Conditional Formatting for Assessment

Now to use this tactic with assessment is a bit trickier, but still doable. You’d just write a question for your students to answer. There needs to be a very specific, non negotiable answer for this to work. Provide a place for them to write their answer. In the answer cell, set up a conditional formatting rule to indicate the specific answer. You can set this up so that it is text using the “text is exactly” rule. I suggest this one because otherwise, they can have a partial answer and still get “credit.” Numeric answers are the easiest, using the “is equal to” or “is between” if you’d like to account for rounding errors.

For the image below I programmed each individual answer cell. I set “text is exactly” input the correct answer as the first rule. Those were coded to turn green. I set a second rule “text does not contain” and the correct answer. Those turn red. This can give you some problems. For the second question (in row three), I could have submitted “40” and not been marked wrong. I also would not have been marked right. The cell would have stayed white. Since the correct answer is 4, and the wrong answer submitted has a four in it, the spreadsheet doesn’t know to make it wrong. Currently, there is no way to set the cell to “text is 100% not ___.” When that feature arises, I may just be the happiest woman on Earth.

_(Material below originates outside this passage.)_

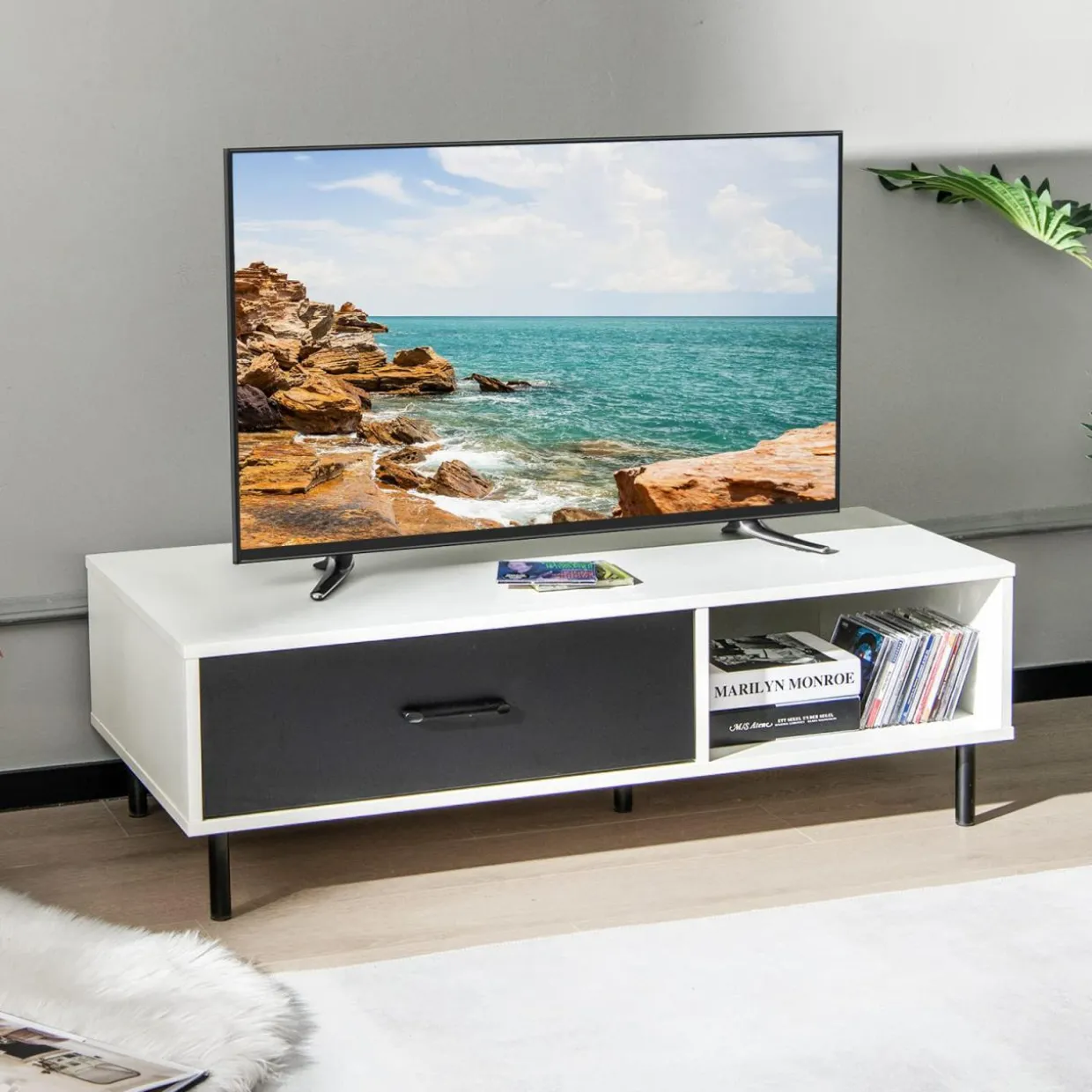 Tangkula Modern Coffee Table, Accent Center Table with Drawer & Shelf, Central Cocktail Table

pixel-art-google-sheets-conditional-formatting

Going all in on full on pixel art is going to a huge challenger for a beginner. Like I said, it took me around 15 hours to get my template down for my pixel art and I’m pretty strong in my spreadsheet skills. I’d start with building a basic template that will color code the answers the kids submit. As mentioned earlier, it has tons of benefits for your remote kids that can’t have constant contact with you to get their questions answered.